→ **Instructions to follow**: Exactly as written, return all the data, leaving its pictures behind.

→ **Information supplied**:
##########
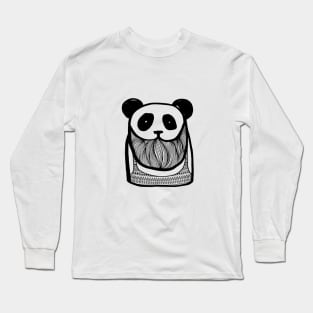 Bearded Panda Long Sleeve T-Shirt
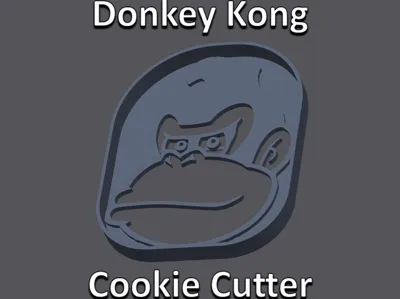 Donkey Kong Cookie Cutter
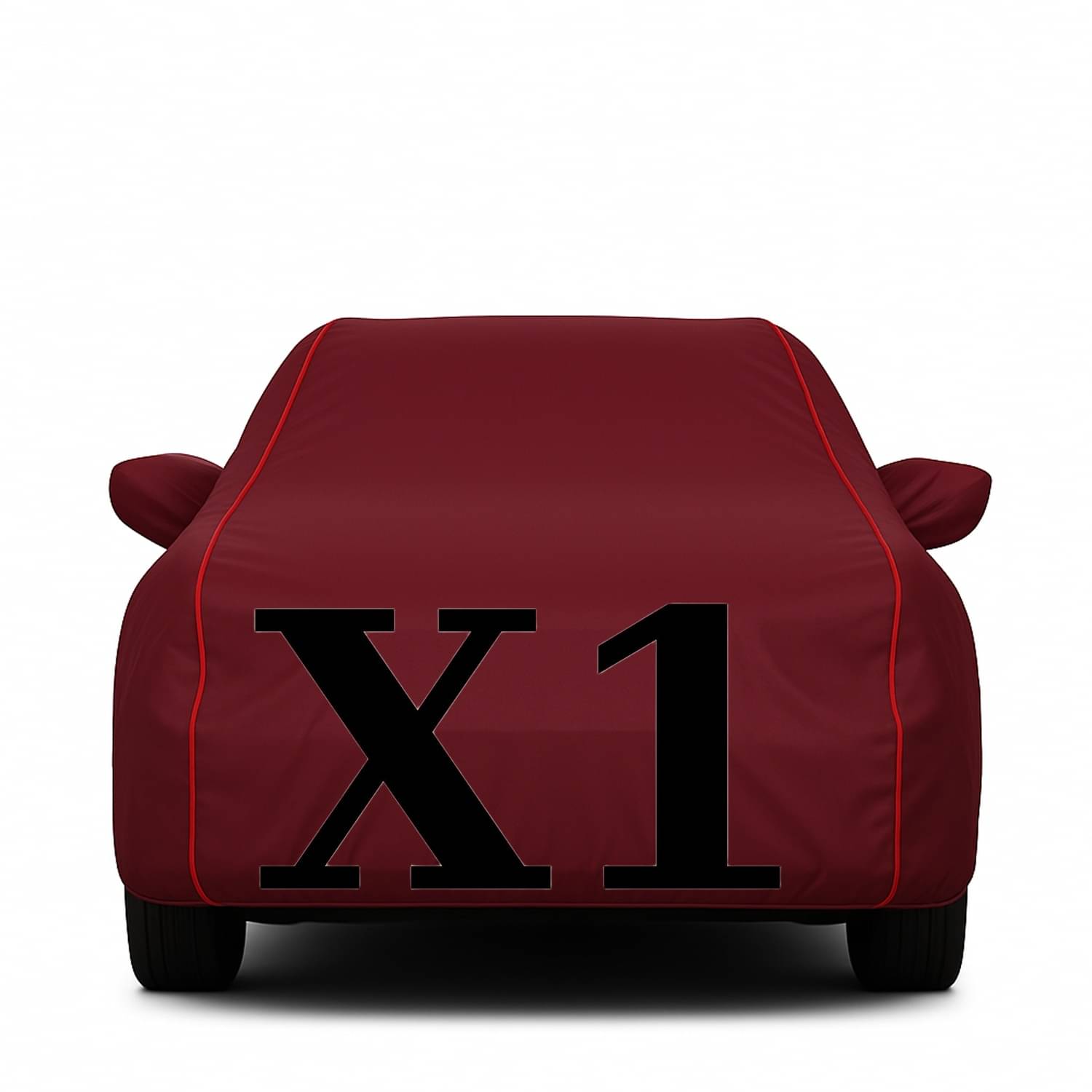     			MADAFIYA Car Body Cover for BMW All Car Models With Mirror Pocket ( Pack of 1 ) , Maroon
##########
→ **Answer to the problem**:
 Bearded Panda Long Sleeve T-Shirt
 Donkey Kong Cookie Cutter
     			MADAFIYA Car Body Cover for BMW All Car Models With Mirror Pocket ( Pack of 1 ) , Maroon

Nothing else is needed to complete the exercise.